9. While not necessarily dispositive, it is useful to consider the types of contracts the parties entered in order to determine their expectations regarding their respective duties. Spilca and Rio Grande entered into two written contracts: (1) a station lease agreement, which created a landlord-tenant relationship allowing Spilca to operate the retail gas station; and (2) a sales agreement, which governed Rio Grande's distribution of gas and petroleum products to Spilca for retail sale. In turn, Rio Grande and Chevron were bound by two contracts: (1) an "authorization letter for branded retail outlets," which authorized the use of Chevron's insignia at the gas station; and (2) a "Chevron Branded Jobber Petroleum Products Agreement," which governed the sale of Chevron products to Rio Grande for retail distribution.

10. We recognize that sometimes a franchise agreement may provide a franchisor with control over a franchisee's day-to-day operations.
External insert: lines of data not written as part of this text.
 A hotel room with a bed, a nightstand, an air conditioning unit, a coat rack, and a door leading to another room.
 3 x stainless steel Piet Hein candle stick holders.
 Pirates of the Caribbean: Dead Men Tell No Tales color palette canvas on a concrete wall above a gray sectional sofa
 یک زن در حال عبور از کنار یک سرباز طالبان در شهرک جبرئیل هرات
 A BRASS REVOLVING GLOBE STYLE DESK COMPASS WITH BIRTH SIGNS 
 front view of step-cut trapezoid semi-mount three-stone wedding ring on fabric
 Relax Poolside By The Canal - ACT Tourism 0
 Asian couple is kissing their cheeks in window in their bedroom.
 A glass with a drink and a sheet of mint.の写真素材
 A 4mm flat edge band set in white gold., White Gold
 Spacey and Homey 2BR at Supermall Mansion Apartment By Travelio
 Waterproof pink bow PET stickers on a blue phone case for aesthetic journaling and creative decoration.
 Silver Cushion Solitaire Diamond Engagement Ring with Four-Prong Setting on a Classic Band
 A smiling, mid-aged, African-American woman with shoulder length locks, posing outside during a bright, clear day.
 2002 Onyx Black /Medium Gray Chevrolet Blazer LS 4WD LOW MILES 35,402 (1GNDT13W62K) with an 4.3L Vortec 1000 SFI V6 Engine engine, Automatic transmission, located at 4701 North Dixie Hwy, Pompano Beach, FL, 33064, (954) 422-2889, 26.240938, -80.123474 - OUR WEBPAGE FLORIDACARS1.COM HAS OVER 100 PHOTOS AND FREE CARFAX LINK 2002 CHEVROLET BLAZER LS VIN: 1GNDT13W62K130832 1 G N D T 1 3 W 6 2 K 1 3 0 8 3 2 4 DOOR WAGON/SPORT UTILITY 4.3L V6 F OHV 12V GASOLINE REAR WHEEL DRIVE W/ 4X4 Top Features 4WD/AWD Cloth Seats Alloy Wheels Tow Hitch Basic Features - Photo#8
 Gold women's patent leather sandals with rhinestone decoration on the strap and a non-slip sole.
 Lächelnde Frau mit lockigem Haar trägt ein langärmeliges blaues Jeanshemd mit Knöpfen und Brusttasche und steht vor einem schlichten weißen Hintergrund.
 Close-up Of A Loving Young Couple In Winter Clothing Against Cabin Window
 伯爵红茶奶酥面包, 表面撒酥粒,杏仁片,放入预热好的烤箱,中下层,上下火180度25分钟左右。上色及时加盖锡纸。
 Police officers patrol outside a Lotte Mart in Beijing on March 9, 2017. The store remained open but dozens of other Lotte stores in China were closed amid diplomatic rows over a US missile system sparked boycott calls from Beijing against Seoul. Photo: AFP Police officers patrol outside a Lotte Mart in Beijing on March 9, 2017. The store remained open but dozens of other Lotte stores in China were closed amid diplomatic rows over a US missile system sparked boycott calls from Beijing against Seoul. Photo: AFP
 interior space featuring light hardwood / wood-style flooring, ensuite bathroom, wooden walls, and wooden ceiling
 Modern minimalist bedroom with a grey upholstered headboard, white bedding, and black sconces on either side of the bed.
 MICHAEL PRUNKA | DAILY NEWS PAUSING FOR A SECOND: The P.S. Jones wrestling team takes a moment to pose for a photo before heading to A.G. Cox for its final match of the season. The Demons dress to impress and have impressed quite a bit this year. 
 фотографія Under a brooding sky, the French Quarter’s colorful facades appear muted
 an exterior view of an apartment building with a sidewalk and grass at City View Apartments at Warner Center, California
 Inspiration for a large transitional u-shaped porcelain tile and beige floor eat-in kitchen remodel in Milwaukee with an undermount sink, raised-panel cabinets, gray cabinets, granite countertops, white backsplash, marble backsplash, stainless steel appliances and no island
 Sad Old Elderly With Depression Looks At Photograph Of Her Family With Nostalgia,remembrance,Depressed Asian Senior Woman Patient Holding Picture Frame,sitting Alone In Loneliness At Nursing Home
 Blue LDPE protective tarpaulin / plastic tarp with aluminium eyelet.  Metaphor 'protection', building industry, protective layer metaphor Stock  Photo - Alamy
See, e.g., Crinkley v. Holiday Inns, Inc., 844 F.2d 156, 159 (4th Cir.1988); Spencer v. Resorts & Spas, Ltd., 684 F.Supp. 842, 843 (M.D.Pa.1988); Cislaw, 6 Cal.Rptr.2d at 394; O'Bryant v. Century 21 S. Cent. States, Inc., 899 S.W.2d 270, 272 (Tex.Ct.App.1995); cf. Ortega v. General Motors Corp., 392 So.2d 40 (Fla.Dist.Ct.App.1980). However, in this case, Chevron did not directly enter into any contract with Spilca, and nothing in any of the contracts indicates that Chevron either had the right to, or purported to, govern the gas station's operation sufficiently to create a duty to protect invitees and employees. In fact, Chevron was expressly prohibited from interfering with the gas station's daily business operations.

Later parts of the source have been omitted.